Increment a global variable in Bash

Question

Here's a shell script:

globvar=0

function myfunc {
  let globvar=globvar+1
  echo "myfunc: $globvar"
}

myfunc
echo "something" | myfunc

echo "Global: $globvar"

When called, it prints out the following:

$ sh zzz.sh
myfunc: 1
myfunc: 2
Global: 1
$ bash zzz.sh
myfunc: 1
myfunc: 2
Global: 1
$ zsh zzz.sh
myfunc: 1
myfunc: 2
Global: 2

The question is: why this happens and what behavior is correct?

P.S. I have a strange feeling that function behind the pipe is called in a forked shell... So, can there be a simple workaround?

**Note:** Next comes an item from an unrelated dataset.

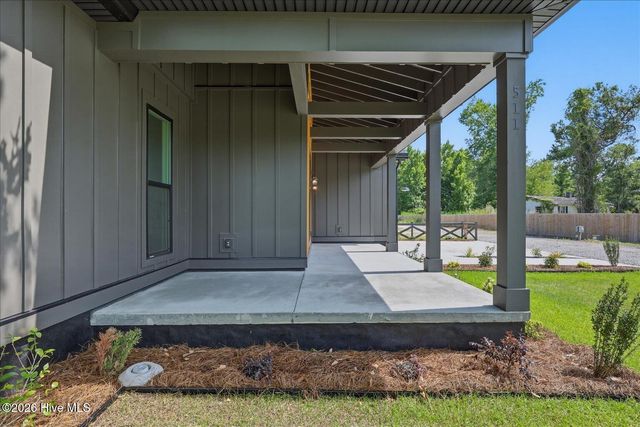 511 Friends Road SE, Leland, NC 28451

P.P.S. This function is a simple test wrapper. It runs test application and analyzes its output. Then it increments $PASSED or $FAILED variables. Finally, you get a number of passed/failed tests in global variables. The usage is like:

test-util << EOF | myfunc
input for test #1
EOF
test-util << EOF | myfunc
input for test #2
EOF
echo "Passed: $PASSED, failed: $FAILED"

Answer 1

Korn shell gives the same results as zsh, by the way.

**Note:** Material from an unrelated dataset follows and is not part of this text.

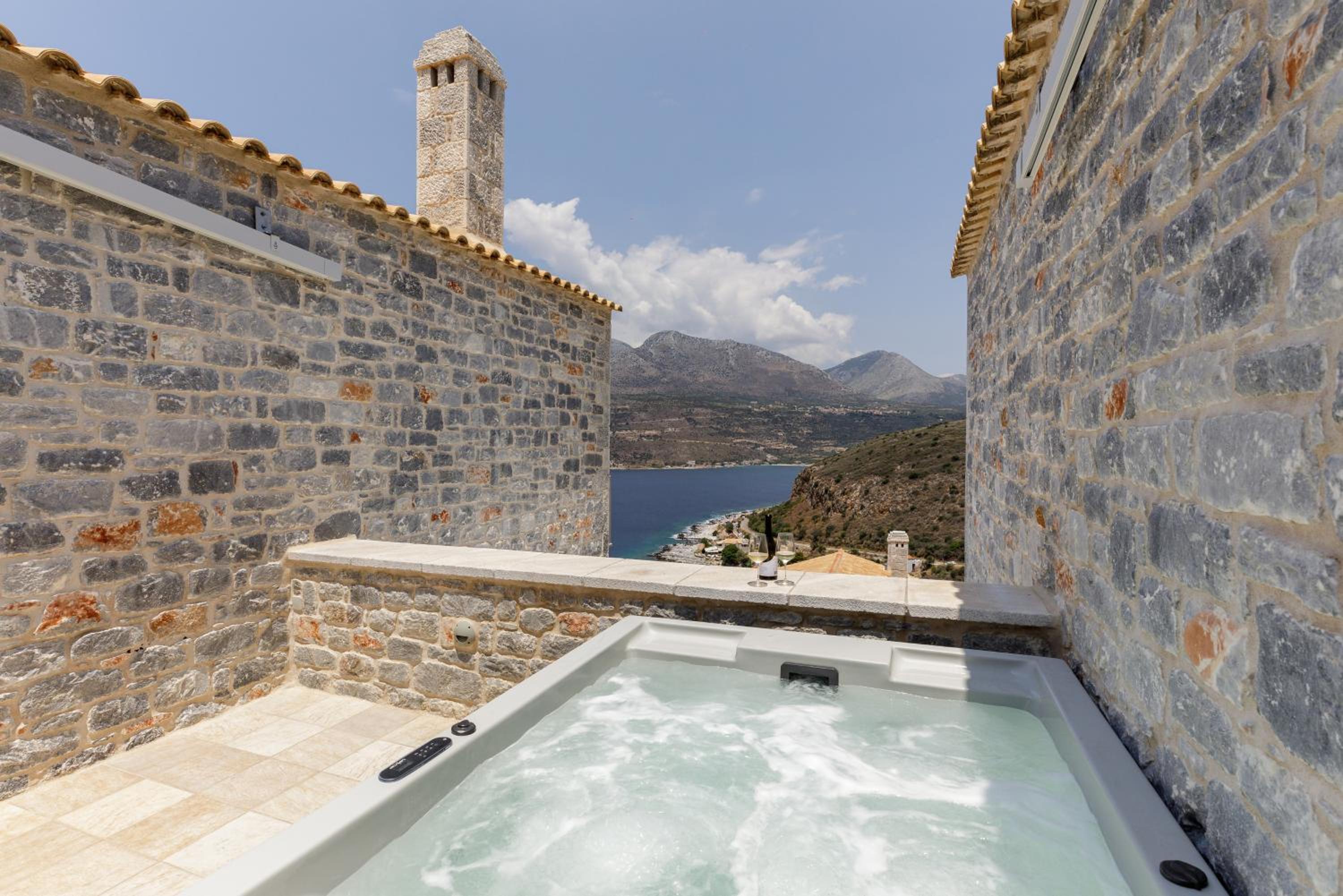 Deluxe Suite with Spa Bath - Photo 5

Please see BashFAQ/024. Pipes create subshells in Bash and variables are lost when subshells exit.

Based on your example, I would restructure it something like this:

globvar=0

function myfunc {
    echo $(($1 + 1))
}

myfunc "$globvar"
globalvar=$(echo "something" | myfunc "$globalvar")

Answer 2

Piping something into myfunc in sh or bash causes a new shell to spawn. You can confirm this by adding a long sleep in myfunc. While it's sleeping call ps and you'll see a subprocess. When the function returns, that sub shell exits without changing the value in the parent process.

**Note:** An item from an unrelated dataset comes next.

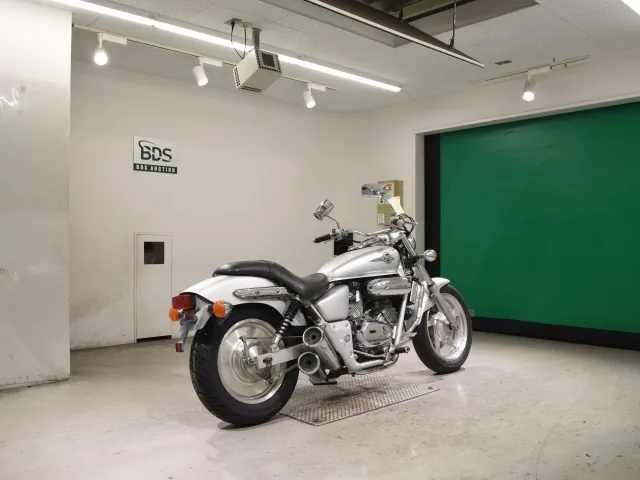 Honda V-Twin Magna 250, серебристый, фото 5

If you really need that value to be changed, you'll need to return a value from the function and check $PIPESTATUS after, I guess, like this:

globvar=0

function myfunc {
  let globvar=globvar+1
  echo "myfunc: $globvar"
  return $globvar
}

myfunc
echo "something" | myfunc
globvar=${PIPESTATUS[1]}

echo "Global: $globvar"